At Buffalo Peak Outfitters in Highland Village in Jackson, On running shoes are in high demand, said Travis McCain, manager and marketing director for the store.
“Free Fly Apparel has really taken off this year, as well as the return of Duckhead,” he said. “We’ve gotten several new brands such as Duer, Sawyer Products, Darn Tough and others that have already done very well. Of course, we have the usual Patagonia, North Face and Mountain Khaki, among others that people know and love.”
Employees at Buffalo Peak felt an increased emphasis on shopping local that occurred over the summer, he said. “I think people realized just how important to the community local businesses are and how it benefits everyone locally. I believe that will continue into the holidays,” McCain said.

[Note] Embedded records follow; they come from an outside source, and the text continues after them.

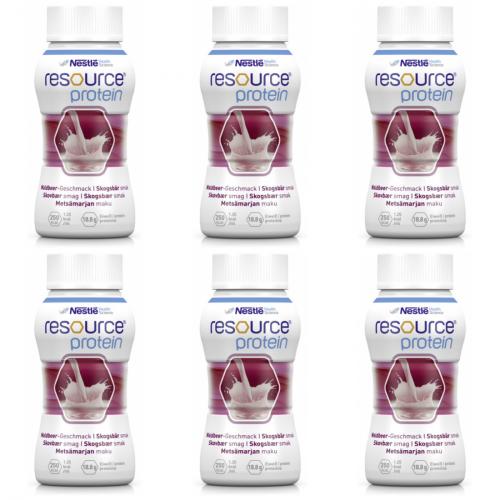 RESOURCE PROTEIN DRINK WALDBEERE 6x4x200ml
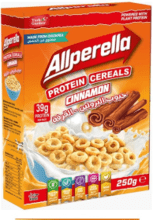 Allperella Protein Cereals Cinnamon 250g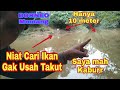 VIRALL,,PENUNGGU sungai muncul saat Mancing,,pantesan banyak ikan di spot ini,,Tetap waspada kawan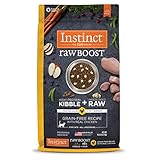 Instinct Raw Boost Grain Free Dry Cat Food, High Protein Real Chicken Kibble + Freeze Dried Raw Cat Food, 10 lb. Bag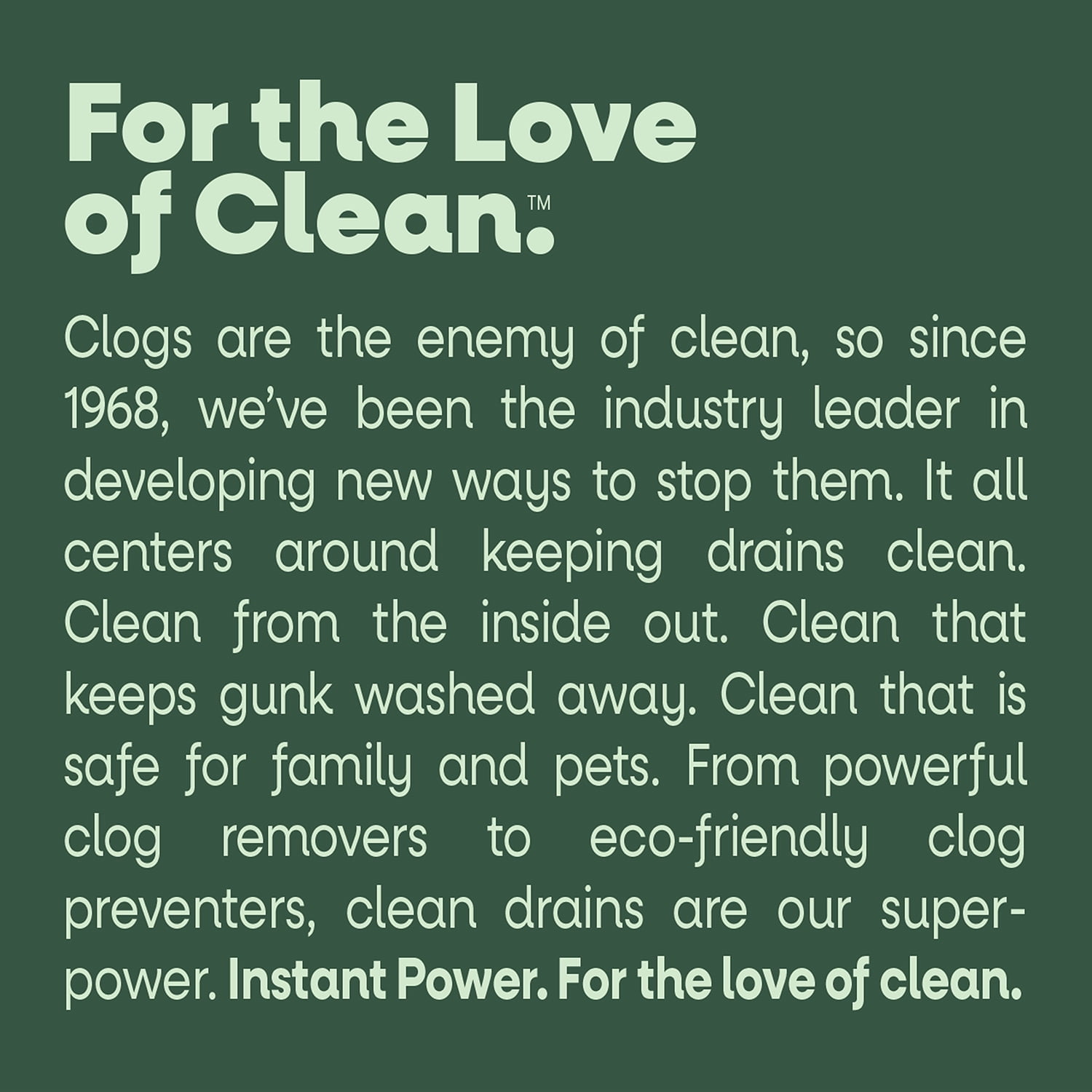 Instant Power ECO Clog Preventer, Enzyme Drain Cleaner for Toilets, Sinks, Showers, 32oz, 1 count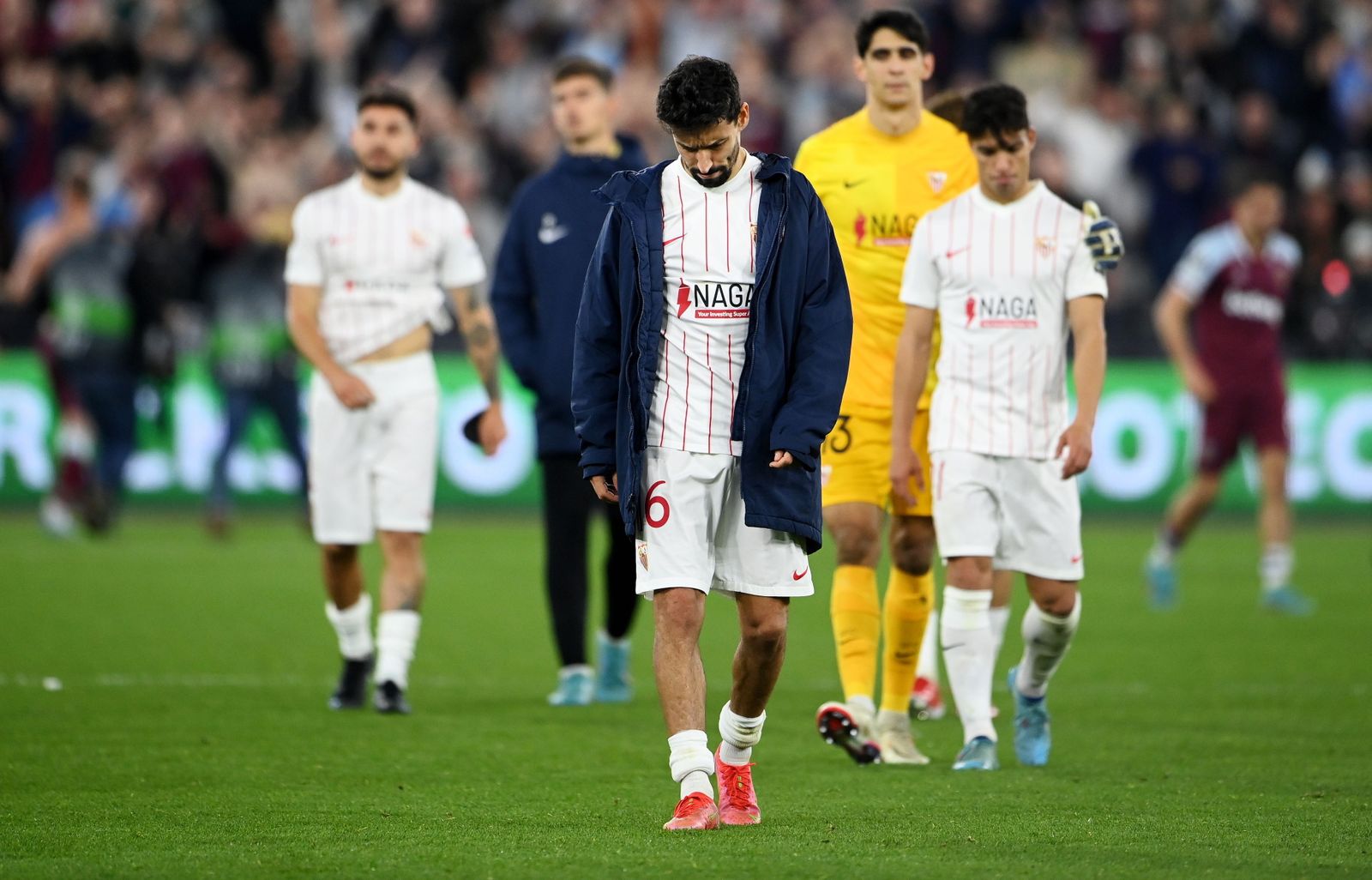 Las imágenes del West Ham - Sevilla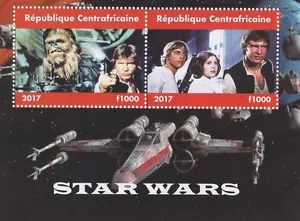 STAR WARS LUKE SKYWALKER HAN SOLO IMÁGENES CLÁSICAS 2017 MNH HOJA DE ESTAMPILLAS - Imagen 1 de 1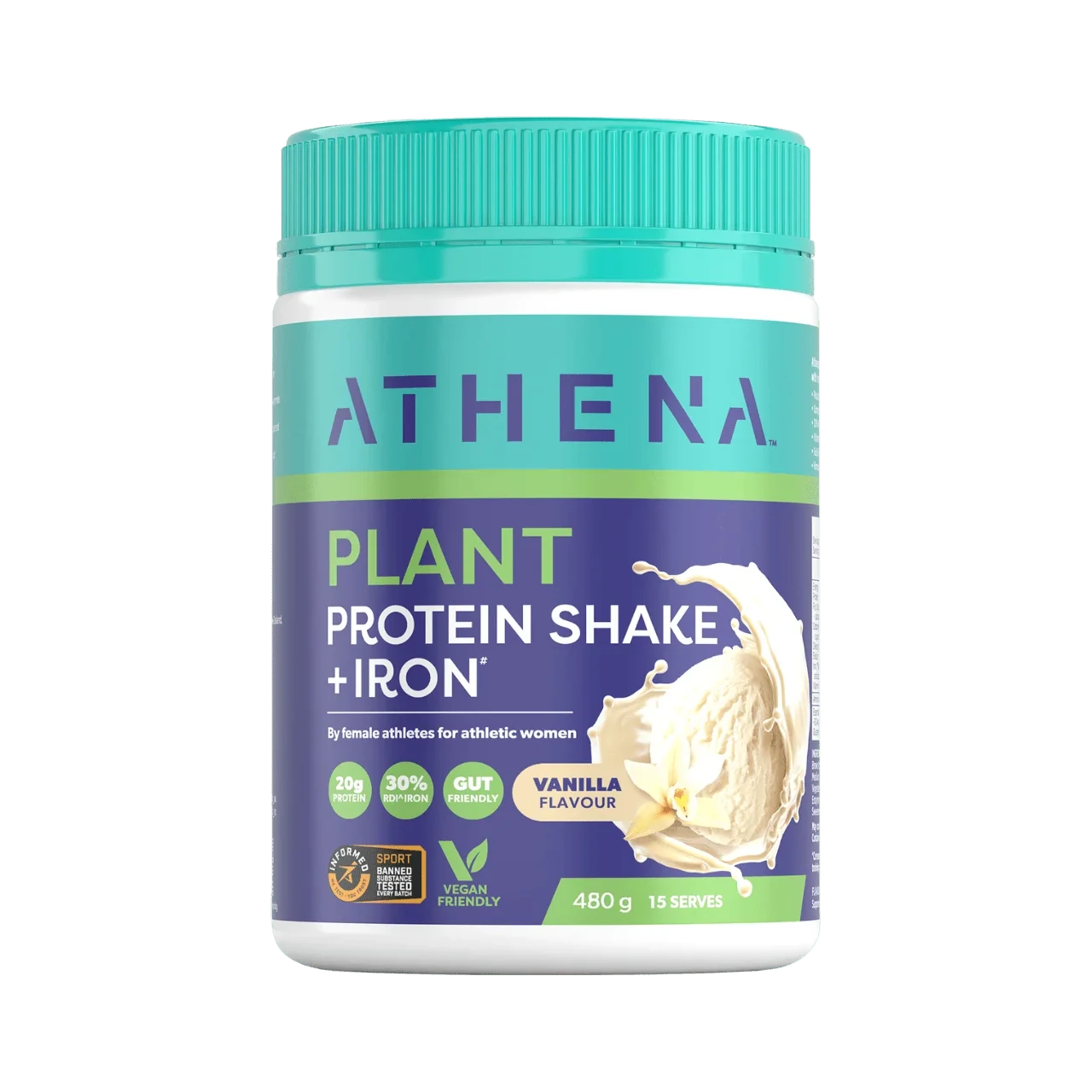 Athena Plant Protein Shake + Iron - Vanilla Flavour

Product knowledge and customer service set Buffalo Peak apart, he said.
“We stay committed to those things to set ourselves apart from the Big Box stores because we want our customers to have the best experience possible when they come in our store,” he said.
Buffalo Peak can provide expertise to shoppers who may be traveling and need clothing, shoes and other merchandise in order to be prepared.
“It helps that a lot of us have actually gone to a lot of these places that our customers are going,” McCain said.” So also having knowledge of the area that the customer is going to really helps the customer as well.”
Buffalo Peak requires shoppers and employees to masks while they are in the store and employees frequently clean the counter tops, credit card machines and other high contact areas, McCain said. “We are still offering curbside pickup for those that still may not be comfortable getting out and shopping yet,” he said.
Keith Kinkade, owner of Kinkade’s Fine Clothing, a men’s clothing store in Ridgeland, believes Small Business Saturday will be an important part of the Thanksgiving weekend for retailers.
“For us, we do a few things on Black Friday and those extend into Saturday,” he said. “On the Sunday after Thanksgiving, we have Santa Claus coming to the store to do photos.”
As a thank-you to customers, Kinkade’s planned to give away the week of Thanksgiving, as it has done for several years, pecan pies baked by Amy McNeill of Madison, It plans to bestow its customers with cinnamon rolls prepared by Susan Spencer of Indianola Dec. 19-22.
As a small business, Kinkade’s believes in giving back to the community that supports it, he said. For example, Kinkade’s sponsors high school football and high school baseball leagues.
Employees at the store are experienced and strive to do business the right way and to make the shopping experience memorable so they can earn the trust of customers, he said.
“We thank all of our customers for shopping with us,” Kinkade said. “We stand behind every product we sell. We want our customers to be completely satisfied. If something doesn’t live up to their expectations, we will replace it or make a refund if we need to.”
During the pandemic, employees at Kinkade’s are willing to assist customers with their gift lists in any way that is helpful, he said, telling the story of a grandmother who was easily able to shop for her grandson, as she has always done, but this year without leaving her home.
This holiday season, brands such as True Grit and johnnie-O will be popular as gifts as well as On athletic shoes, Kinkade said. “We have multiple styles in men’s and women’s shoes and are very knowledgeable about them,” he said.
Jude Muse, owner of The Treehouse Boutique in Fondren, said her business, like many small businesses, is all about serving customers and, during the holidays, is always willing to suggest gifts that will fit a recipient’s tastes.
“Great holiday gifts range from fabulous sweaters to great totes and pouches, which we can fill with eye masks, furry slippers, pj’s, candles and more,” she said.
Not to be overlooked is the impact of shopping at a small business, she said
“Small businesses are made up of the people who live in a community and their families,” she said. “They will support the community and give back. They are the ones that donate and sponsor local events and charities.”